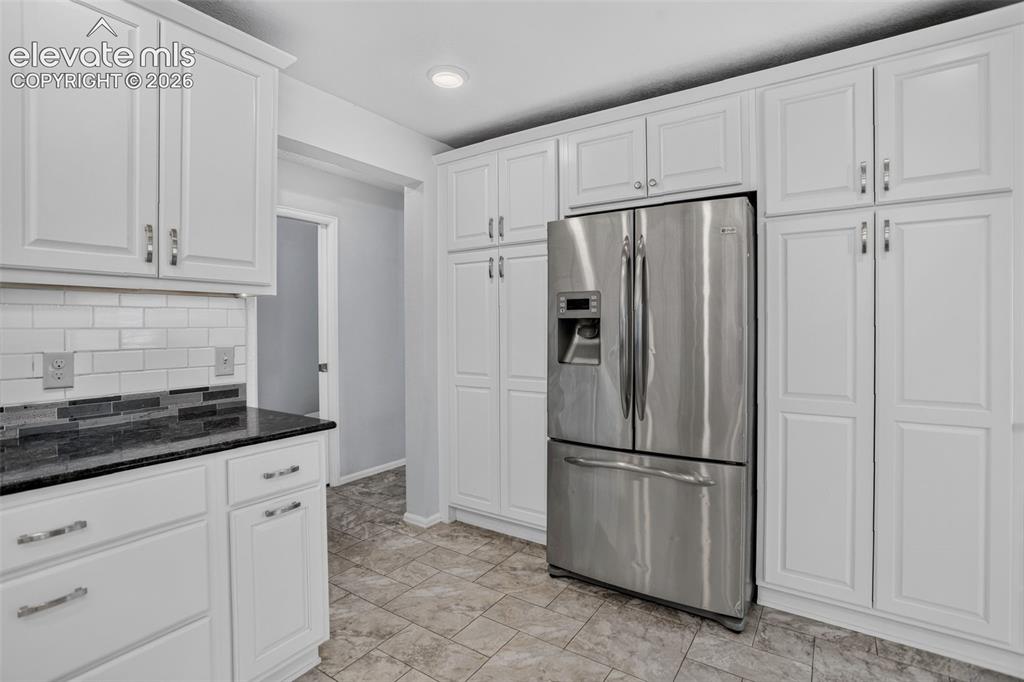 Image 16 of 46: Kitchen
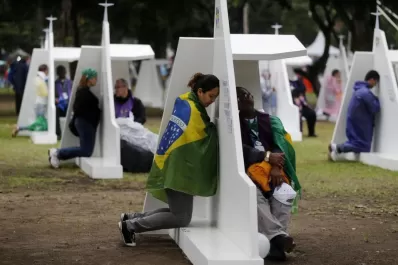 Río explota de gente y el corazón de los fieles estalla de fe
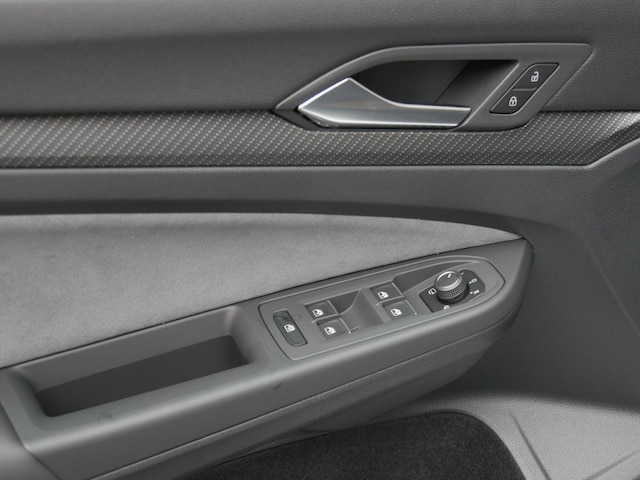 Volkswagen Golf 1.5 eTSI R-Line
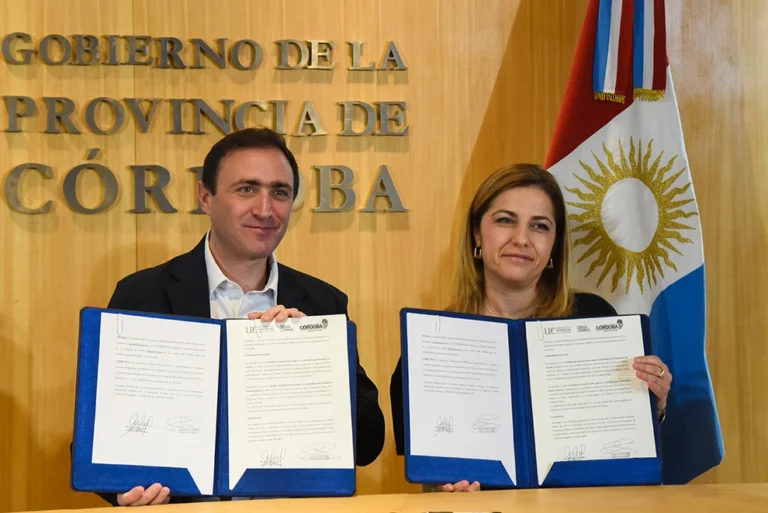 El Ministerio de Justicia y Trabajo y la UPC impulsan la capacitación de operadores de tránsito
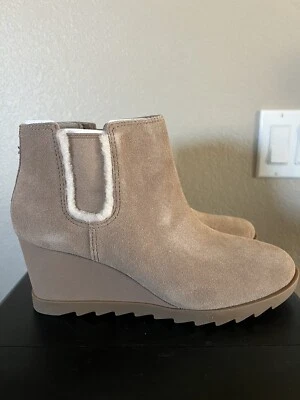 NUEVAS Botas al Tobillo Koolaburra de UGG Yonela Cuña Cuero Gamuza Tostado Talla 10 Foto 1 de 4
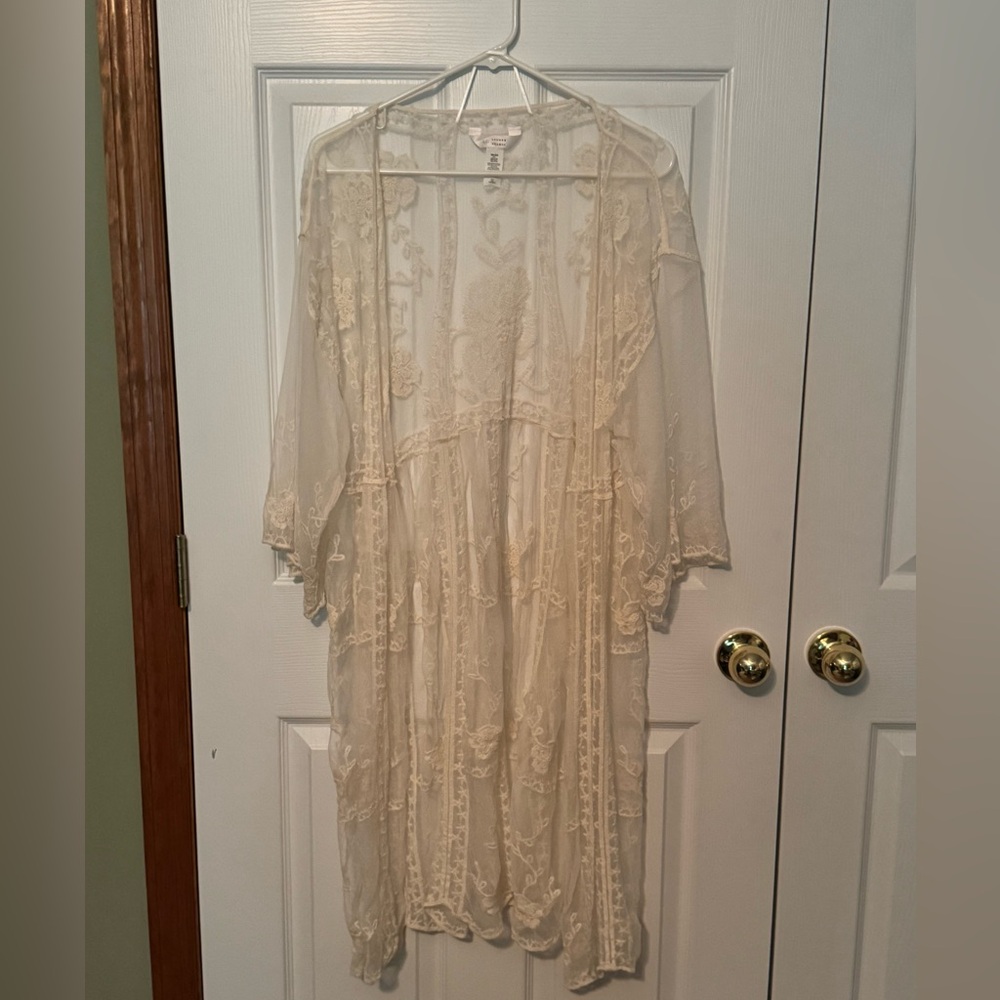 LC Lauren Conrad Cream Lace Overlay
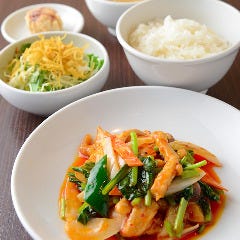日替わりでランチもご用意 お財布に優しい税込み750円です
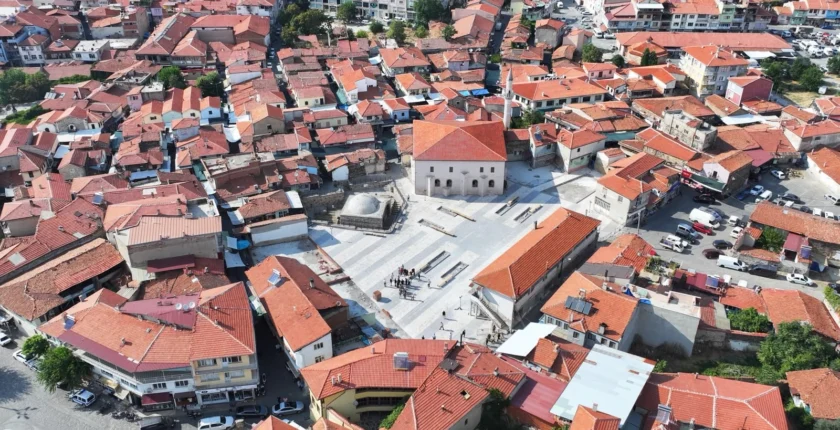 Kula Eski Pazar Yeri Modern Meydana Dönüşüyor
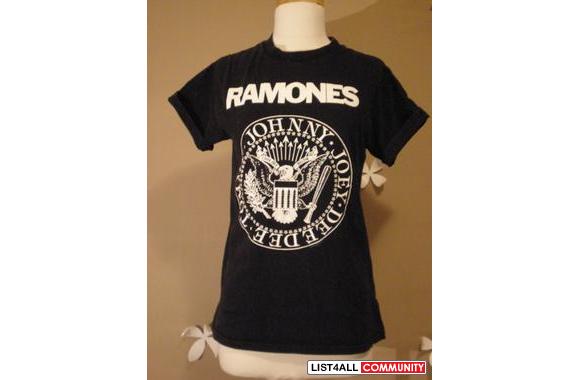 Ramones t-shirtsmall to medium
--
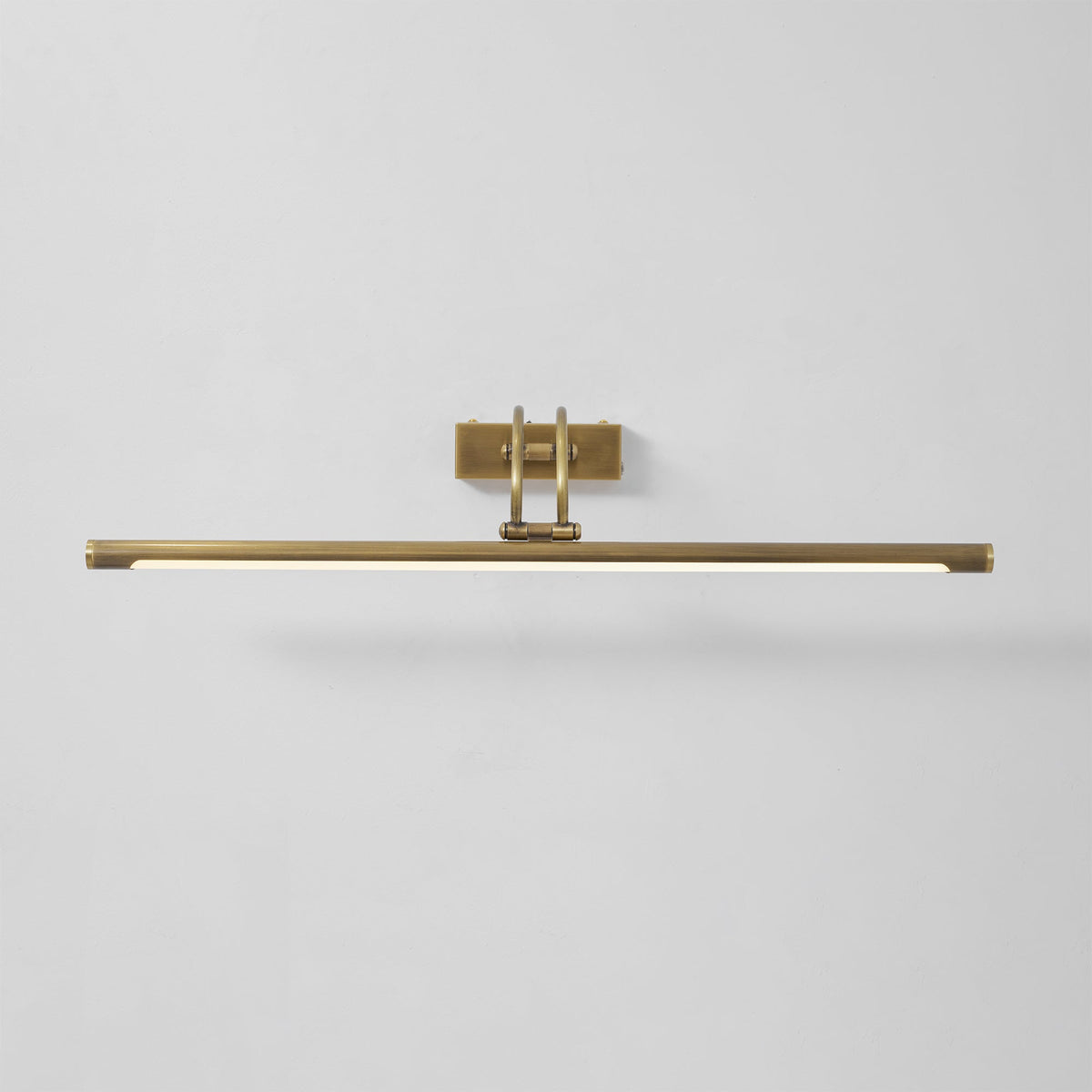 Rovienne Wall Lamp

### WHAT THE EXERCISE ASKS
Everything from the line with "Image 16 of 46: Kitchen" through the line with "Ramones t-shirtsmall to medium" in the material above should be transcribed exactly, except the pictures.

### TASK RESPONSE
 Image 16 of 46: Kitchen
 Río explota de gente y el corazón de los fieles estalla de fe
 Volkswagen Golf 1.5 eTSI R-Line
 El Ministerio de Justicia y Trabajo y la UPC impulsan la capacitación de operadores de tránsito
 NUEVAS Botas al Tobillo Koolaburra de UGG Yonela Cuña Cuero Gamuza Tostado Talla 10 Foto 1 de 4
 LC Lauren Conrad Cream Lace Overlay
日替わりでランチもご用意 お財布に優しい税込み750円です
 Kula Eski Pazar Yeri Modern Meydana Dönüşüyor
 Ramones t-shirtsmall to medium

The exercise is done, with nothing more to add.